Les gens prennent place. Les lumières du théâtre Antoine s’estompent, un faisceau rouge traversant la scène s’allume. Sa voix retentit. Et c’est parti. C’est parti pour 1h30 de pure méchanceté gratuite, de blagues crades, de calembours diaboliques et de références sans expressions faciales aucunes, avec un détachement presque choquant, aux événements les plus sombres de ces dernières années comme les attentats du 13 novembre 2015. Tout y passe, Gaspard Proust dégomme tout sur son passage. Le comble ? Les gens aiment. Les gens en redemandent, si bien que l’artiste est obligé de reproduire son spectacle en cette fin d’année 2017 avec quelques petits changements.
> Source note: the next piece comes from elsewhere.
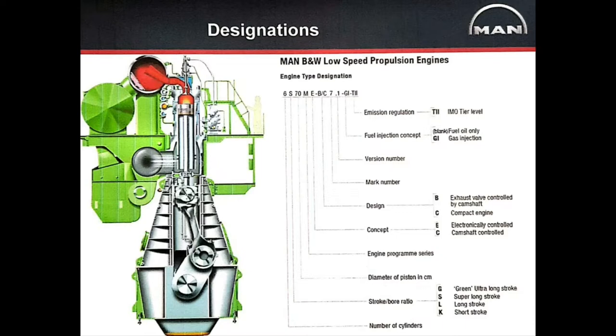Friends, you must be aware of the abbreviations for ME on a MAN B&W low-speed propulsion engines.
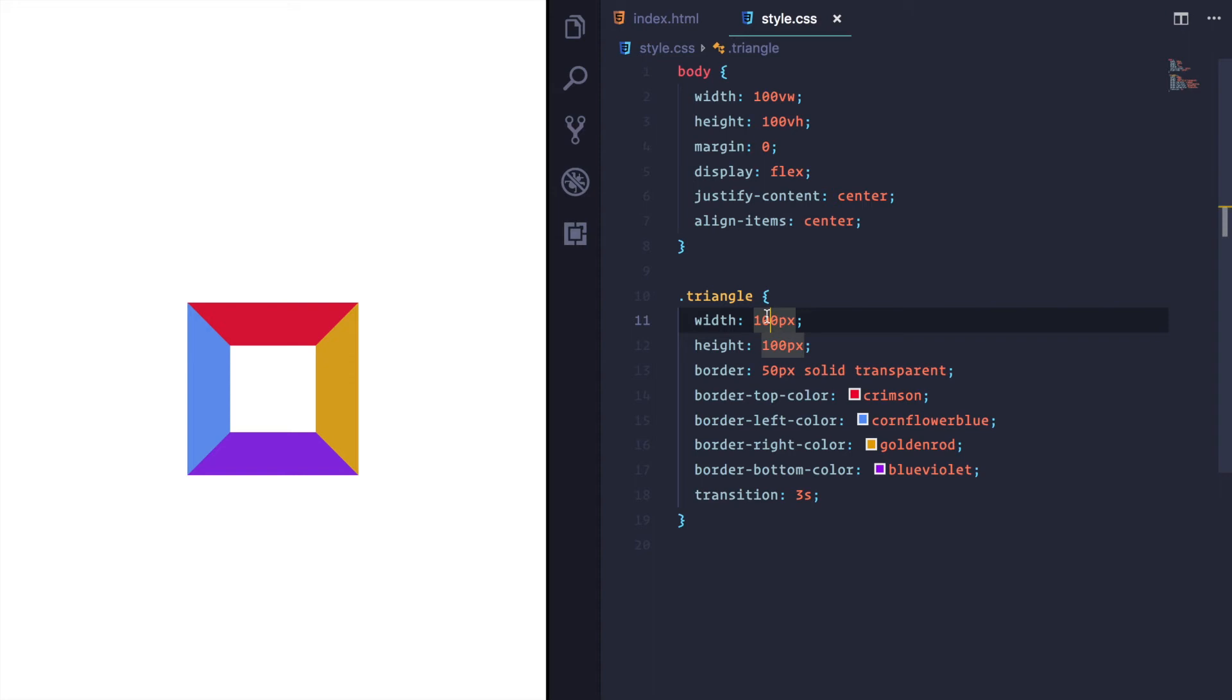What we need to do now is try to turn these into triangles. Now, you can see each of these borders is kind of a trapezoid, whatever it's called.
Il est là pour nous rappeler que oui, plus de 2000 ans après Diogène, le cynisme, plus dur que jamais, est à la mode.

Le cynisme aujourd’hui pourrait être défini comme une attitude ou un état d’esprit caractérisé par une faible confiance dans les motifs d’autrui, par un manque certain de foi dans l’humanité et par un détachement presque malsain vis-à-vis de la souffrance des autres. C’est par exemple le cynisme de Gaspard Proust. En d’autres termes, plus manichéens, le cynique est une belle raclure. Mais cela serait oublier ce qu’était être cynique, au commencement de cette école de pensée.

Le cynisme naît vers 400 av. J-C. autour du personnage de Diogène de Sinope, disciple du fondateur oublié de cette école de pensée, Antisthène. En passant les détails, Diogène considère que la vie n’a pas tellement de sens, que les normes sociales ne sont que des facéties qui nous empêchent d’être nous-mêmes. C’est pourquoi il est amené à se détacher de celles-ci, à les transgresser, à ne pas respecter les codes de politesse et les codes de langage. Ce faisant, Diogène cherche à voir le monde tel qu’il est, et non pas tel qu’il devrait être, quand bien même il serait absurde. Le cynique n’est pas triste, il est simplement détaché des autres. C’est pourquoi Diogène finira mal, très mal, puisqu’il est surtout connu pour vivre dans un tonneau et se masturber toute la journée (vous pouvez vérifier).

Ainsi, le cynisme n’a rien à voir avec une posture de gros méchant. Et pourtant, c’est bien l’impression qu’on en a. Être « cynique » est presque devenu une insulte, parce qu’il est choquant d’avoir ce type de discours, pour peu qu’il soit comme celui de Gaspard Proust, pour qui le petit Aylan, réfugié syrien mort sur la plage, « n’avait aucune volonté » puisqu’il s’est laissé tomber au bord de l’eau. C’est malsain n’est-ce pas ? Et pourtant, son spectacle est un succès.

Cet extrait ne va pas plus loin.